Preserving cultural fabric
The vibrant culture Richard E. Nelson first experienced in the mountains of Guatemala is beginning to fade.
Cell phones and the Internet have infiltrated the remote indigenous cultures that grabbed his attention in the 1970s, where he was drawn to the villagers' painstaking process of weaving colorful garments.
"In the modern world, they're going away," Nelson, a White Bear Lake resident, said of the colorful, complex textiles woven by Guatemala's indigenous people. "All this cultural information is disappearing."
Nelson is attempting to keep the ancient Mayan art of back-strap weaving alive through exhibits like the one on display now through April at Woodbury's R.H. Stafford Library.

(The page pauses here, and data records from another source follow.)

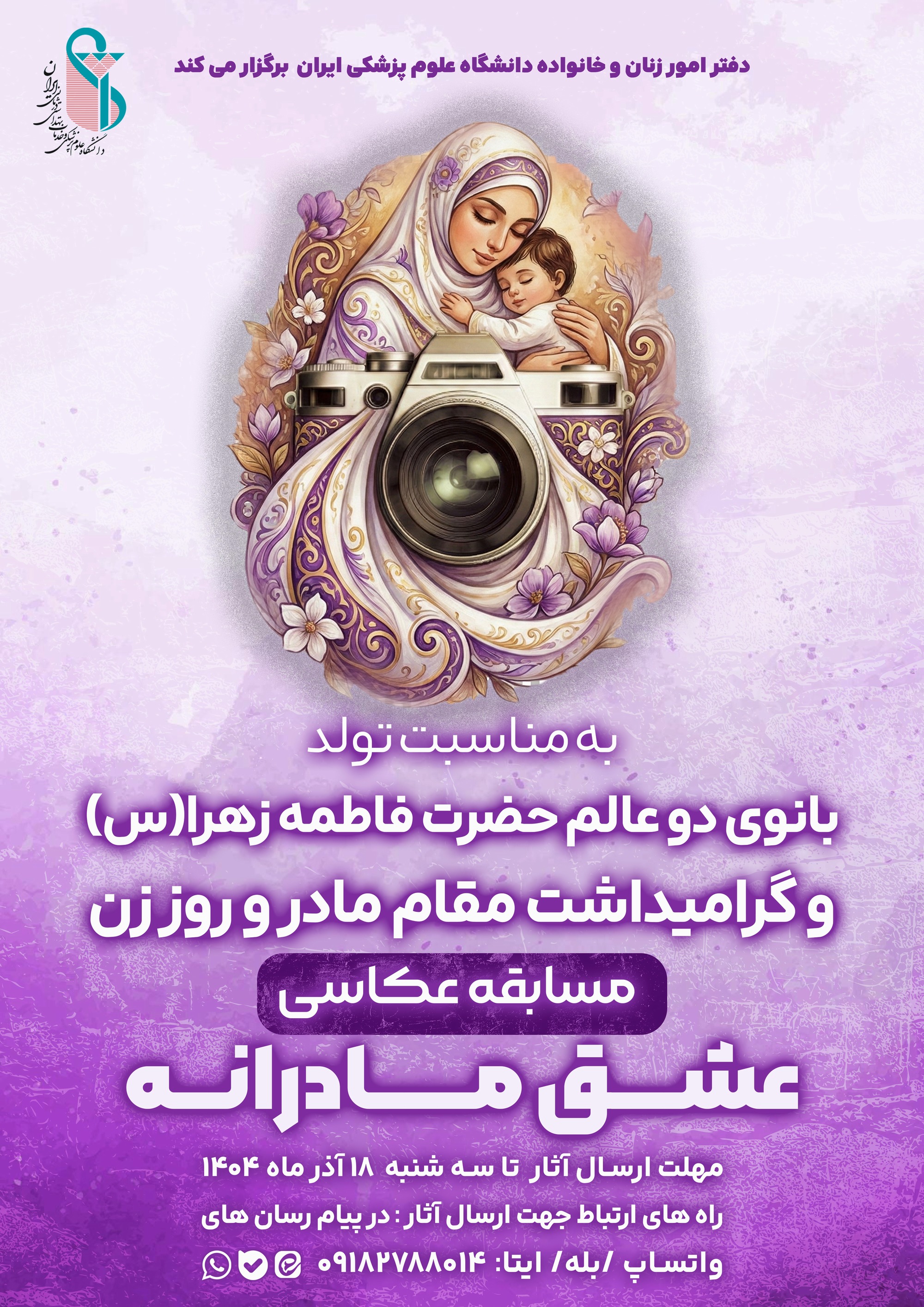 فراخوان شرکت در مسابقه عکاسی  «عشق مادرانه»  به مناسبت روز زن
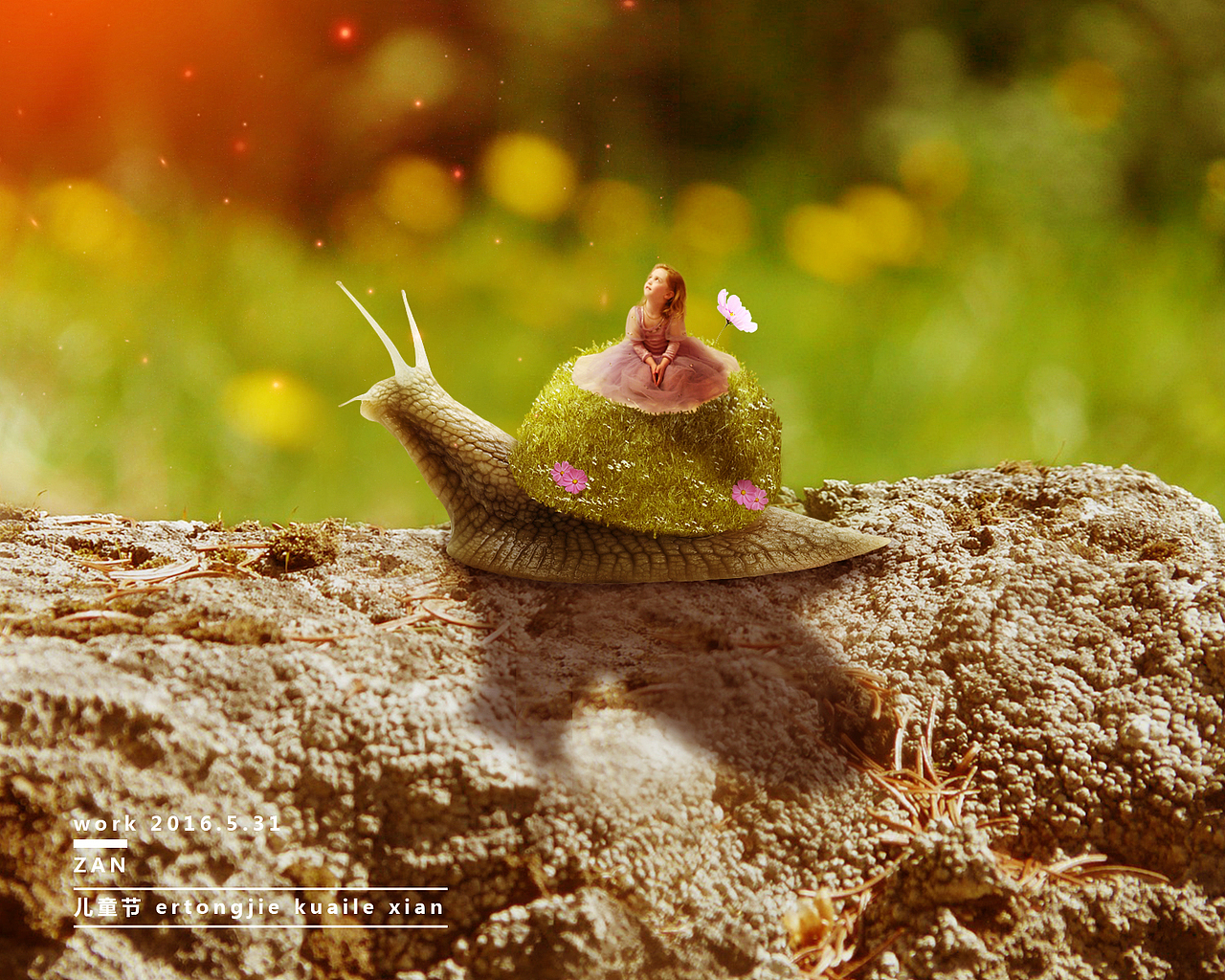 2016练习【不知道叫什么】-合成临摹（图ZNTgyMzMwNTY=） - 其他网页 - 站酷设计师TheZAN原创素材 - 站酷ZCOOL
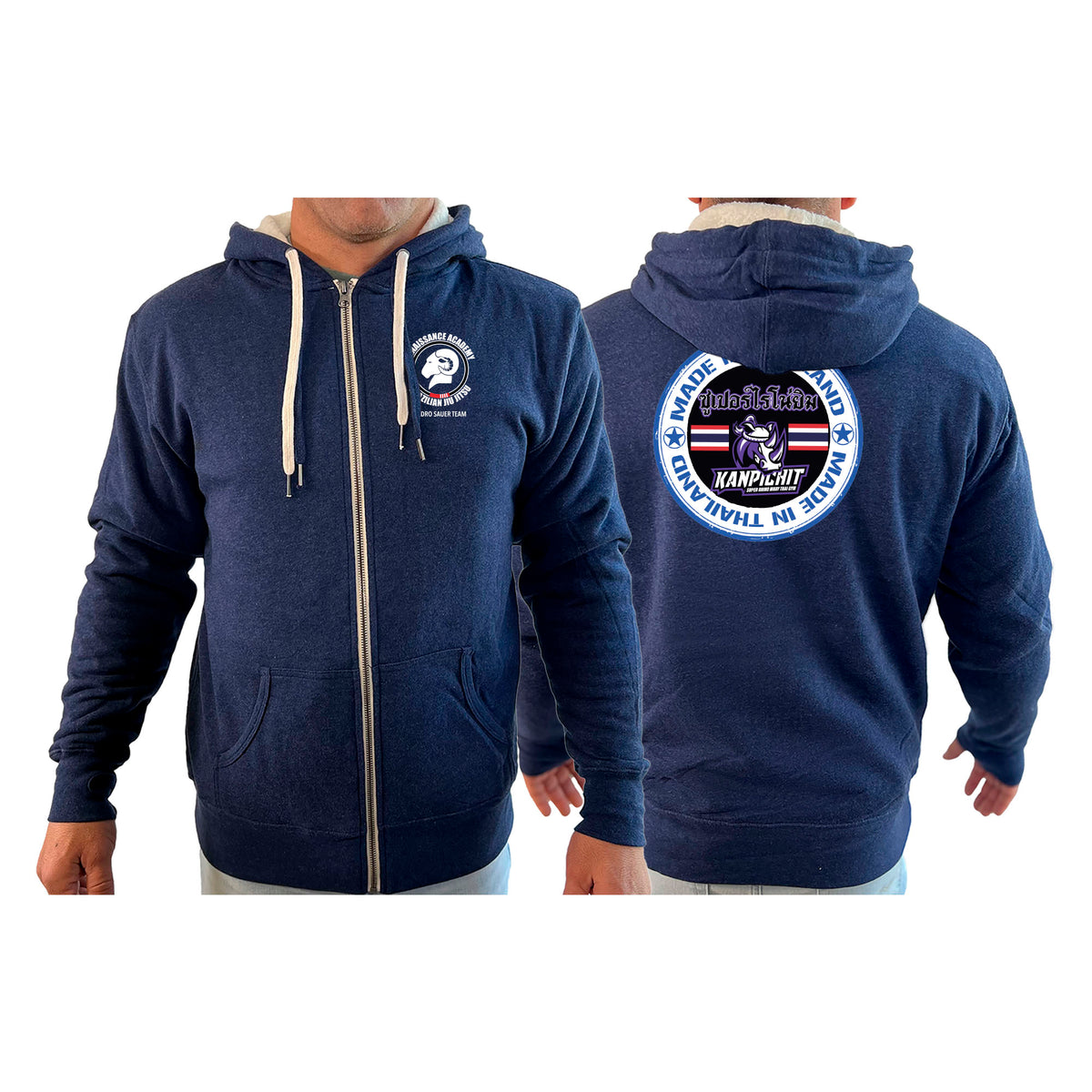 Renaissance Academy of MA Academy Sherpa Lined Zip-Up Hoodie #8107 I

The exhibit comprises many examples of the Mayan textiles Nelson has been collecting and studying since he was a college student. Also on display are photos Nelson has snapped over the years of indigenous people during trips to Guatemala and Mexico.
"I want to make it super educational," he said of the exhibit, displayed throughout the library.
Stafford library Director Chad Lubbers said Nelson's exhibit plays to the library's greater effort to be known as more than a place to check out books.
"We're more concerned with making a library what it can be - a community center," Lubbers said.
He said Nelson's exhibit offers patrons lots to feast on.
"It just has such a neat mixed-medium feel to it," Lubbers said.
Trip of a lifetime
Nelson made his foray into Maya country with a purpose understandable to most Minnesotans: as an escape from another long, cold winter.
But as he explored Mexico on his inaugural trip in the early 70s, he watched as indigenous people came down from the mountains clad in bright, colorful clothes.
"That just caught my eye," Nelson said.
From that point on, he became fascinated with the textiles that comprised the clothes and was determined to learn more. When he returned to the States, Nelson was told he had only gotten a taste of the Mayan culture.
"People said, 'Go to Guatemala if you really want to explore textiles,'" he said.
So he did. Over the next several years, Nelson made trips to the Central American country, immersing himself in the culture and learning even more about the fabrics that attracted him.
He spent time around the weavers, who passed on their craft to him - a rarity, he said, in a culture where only women performed the weaving.
The fascination lies in the creations themselves, Nelson said.
The textiles - and how they are adorned - can relate many things: marital status, culture, heritage, mythology, social status among them.
"The multiple layers of meaning on this cloth became more and more evident," he said.
Nelson, who now leads yearly educational trips to Guatemala, said he has reached the point where he can decipher the imagery and symbology woven into the fabric.
"That's what I really enjoy when I go there," he said.
The exhibit documents his travels, including photography from villages in Guatemala and Mexico.
All of the garments exhibited at the library - part of his extensive personal collection - have been worn by Mayans. Some are more than 100 years old, Nelson said.
The exhibits are arranged by geographic regions, which reflect differences in design and artistic flourish.
Nelson said it's critical to preserve what's been since commercialism has swept through those regions over the past four decades. The textiles are still produced there, but more as a cottage industry these days.
"They've adapted weaving to modern tastes," he said.
Nelson's exhibit is on display through April at the R.H. Stafford Library. He will also lecture and lead a tour of the exhibit from 2 to 3 p.m. March 26.